Looking into the future, big data applications will have to deal with data sets as large as yottabytes - 1 trillion trillion bytes. They also need massive super computers to work with to process this humongous data. But CODD can test important aspects of such applications on a simple personal computer. The creators of this magic wand are a team of students led by Prof. Jayant Haritsa of the Database Systems Lab (DSL).

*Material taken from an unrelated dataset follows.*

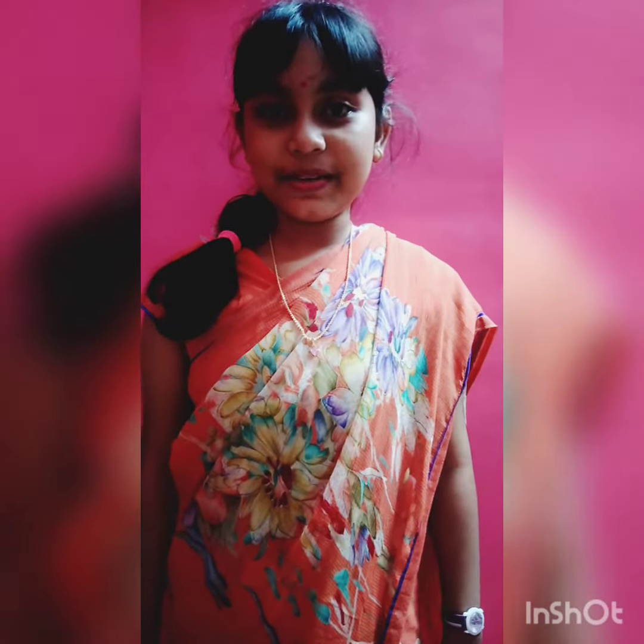Hello everyone, my name is Mrikakshi Chakraborty. Today I am going to act as my favorite science teacher.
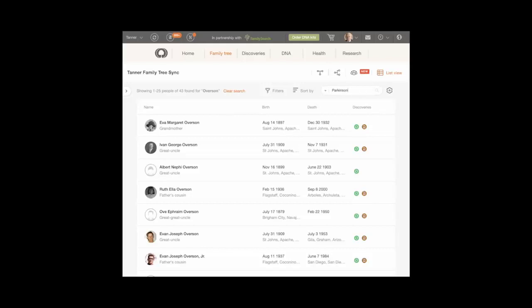Click the down arrow to use the search keyword as full name, first name, or last name.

“Big Data” is now a hot term used in many contexts. It refers to data sets that are massive and complex. Traditional applications are inadequate to process them. The size of such data is in the order of Petabytes, Zettabytes or more. The data includes text, video, images, social media streams and other forms. Hence they pose challenges with analysis, capture, search, sharing, storage, transfer, visualization and privacy. Three “V”s - volume, velocity and variety characterize them. A big corporate can come up with interesting business insights using big data. The world is faced with a deluge of Big Data.
Any software that is built needs to work as expected. Software testing is a process in the software industry which ensures that a software meets certain specifications and fulfills its intended purpose. "Testing is a vital and grossly under-appreciated aspect of the software industry. Since Big Data is ubiquitous, developing effective tools for testing is of critical importance. CODD is an important step in this direction. It is inexpensive and efficient to test futuristic scenarios. It helps make database engines future-proof" explains Prof. Haritsa.
In reality, testing big data applications is a challenge. One needs to simulate this massive data that the software would operate upon. Providing simulated test data of the size of a yottabytes is a herculean task indeed! CODD makes this process seem simple. It can simulate the "metadata" corresponding to arbitrary futuristic "what-if" scenarios. Metadata summarizes basic information about data. These futuristic scenarios can be input using a simple and elegant graphical interface. Users need to only provide the desired metadata of the data they need.
Apart from generating the metadata, CODD can also validate the same. It ensures correctness and consistency, making sure that the data make sense. This tool is written in the Java programming language and runs on almost all database platforms. CODD is also a potent tool for highlighting design "bugs" in the software. A "bug” is an error, a flaw, a failure, or a fault in a program which produces an incorrect or unexpected result. They can get introduced in the planning components of the database engine. They are hard to detect and can surface at the Big Data scale causing havoc.
CODD can simulate and assess a query optimizer’s behaviour in response to futuristic scenarios. A query optimizer is an organic component of database engines. It determines the most efficient method to access requested data. In the big data scale, identifying the best method to access a piece of data with minimal time is critical.
Equipped with these strengths, CODD has received many accolades. Its ease of use and the value add has garnered interest in the industry and academia. Many leading software multinationals and research universities are using CODD. Hewlett Packard (HP) has recognized the work of the DSL and showered appreciations.
Prof. Jayant R. Haritsa
Supercomputer Education and Research Centre (SERC) and Department of Computer Science and Automation (CSA)
Indian Institute of Science, Bangalore, India
Prof. Jayant R. Haritsa is a Senior Professor at the Computer Science and Automation Department, IISc, Bangalore. A paper on CODD by Ashoke S, a former master’s student at the same department, and Prof. Haritsa was recently published in the Proceedings of 41st International Conference on Very Large Data Bases (VLDB), 2015.